Reputation: 4949
HI suppose I have the following dataframe
df <- data.frame(group = rep(c("group_1","group_2","group_3", "group_4", "group_5", "group_6"), each=3),
X = paste(letters[1:18]),
Y = c(1:18))
df
group X Y
1 group_1 a 1
2 group_1 b 2
3 group_1 c 3
4 group_2 d 4
5 group_2 e 5
6 group_2 f 6
7 group_3 g 7
8 group_3 h 8
9 group_3 i 9
10 group_4 j 10
11 group_4 k 11
12 group_4 l 12
13 group_5 m 13
14 group_5 n 14
15 group_5 o 15
16 group_6 p 16
17 group_6 q 17
18 group_6 r 18
What I want is to insert 5 rows with values of -10 in the Y columns but retain the group id
I tried doing this based on a similar cross post but cannot seem to retain group id and this only seem to work to insert 1 row.
> df %>%
+ group_split(group) %>%
+ map_dfr(~ .x %>%
+ add_row(Y = -10, .after = 0))
# A tibble: 24 x 3
group X Y
<chr> <chr> <dbl>
1 NA NA -10
2 group_1 a 1
3 group_1 b 2
4 group_1 c 3
5 NA NA -10
6 group_2 d 4
7 group_2 e 5
8 group_2 f 6
9 NA NA -10
the example above fails because it only inserts 1 row moreover the group id is loss, ideally for example, there should be 5 rows with group_1 inserted with the Y values of -10.

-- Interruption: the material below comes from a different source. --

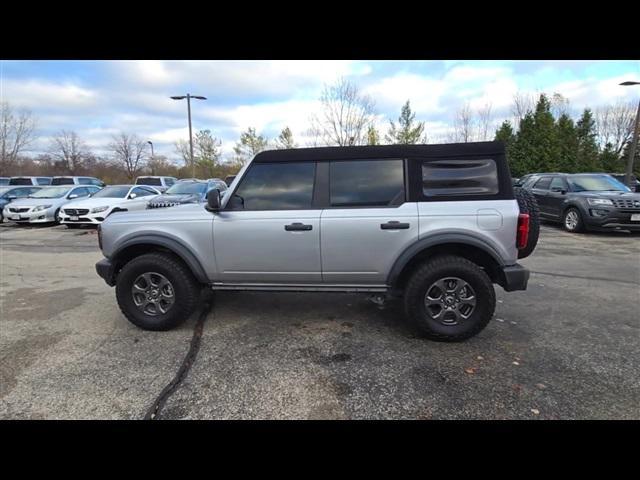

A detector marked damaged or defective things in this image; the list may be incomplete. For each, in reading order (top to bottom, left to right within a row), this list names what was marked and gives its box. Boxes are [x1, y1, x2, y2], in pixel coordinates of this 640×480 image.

pavement crack [142, 296, 212, 420]
cracked pavement [1, 223, 640, 418]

is this possible? thanks in advance!
Upvotes: 2
Views: 473
Reputation: 388982
For each group you can add 5 dummy rows and bind to the original df
.
Base R option :
result <- rbind(df, data.frame(group = rep(unique(df$group), each = 5), X = NA, Y = -10))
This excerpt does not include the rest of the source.